→ **INPUT DATA**

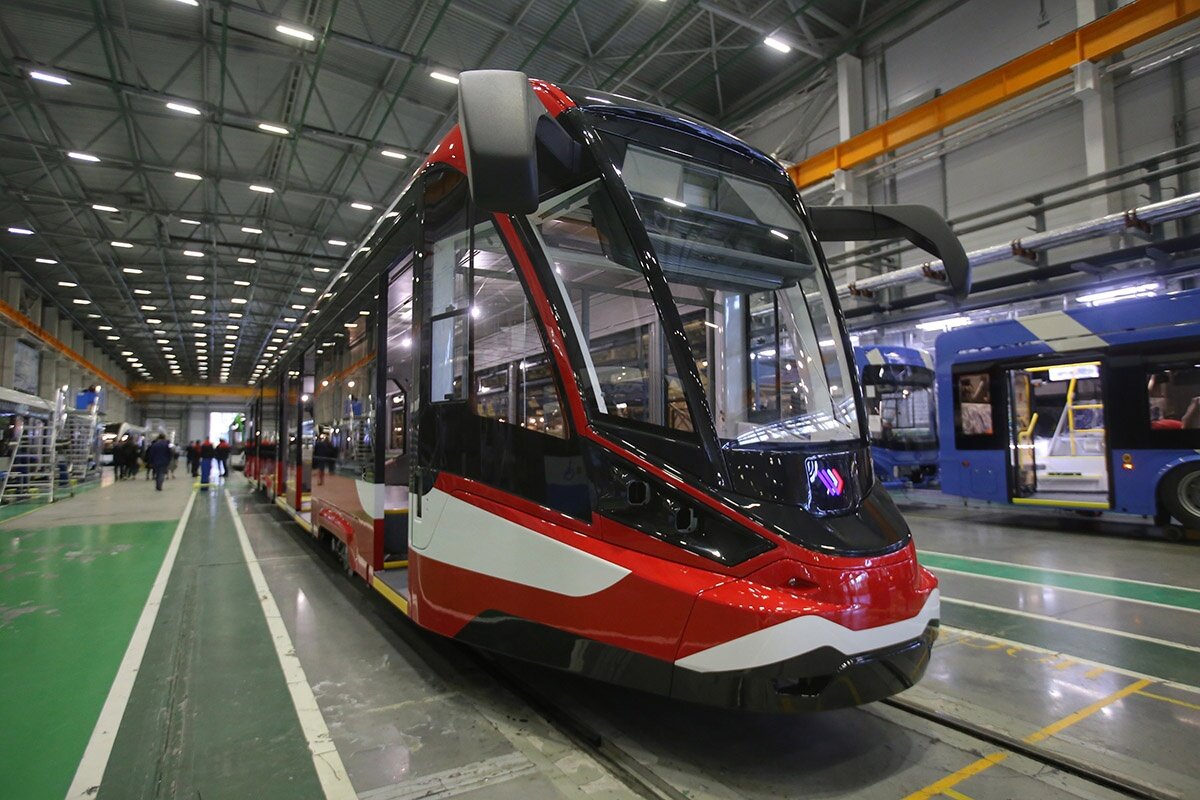 «Уралтрансмаш» заявил о готовности заменить в Екатеринбурге 300 трамваев по концессии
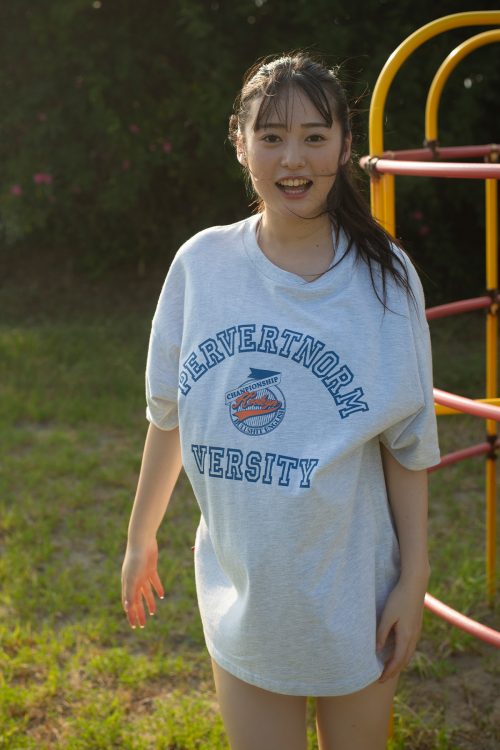 キャッチコピーは「全鳥取県民の妹」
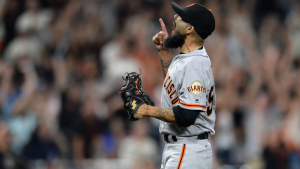 Sergio Romo relives his entire Giants career in 3-minute thank you to SF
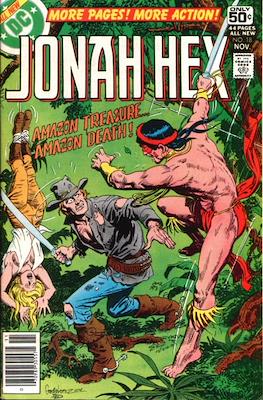 Jonah Hex Vol. 1 #18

→ **INSTRUCTIONS FOR THE TASK**
Restate the data above word for word. Skip every picture.

→ **SOLUTION FOR THIS TASK**
 «Уралтрансмаш» заявил о готовности заменить в Екатеринбурге 300 трамваев по концессии
 キャッチコピーは「全鳥取県民の妹」
 Sergio Romo relives his entire Giants career in 3-minute thank you to SF
 Jonah Hex Vol. 1 #18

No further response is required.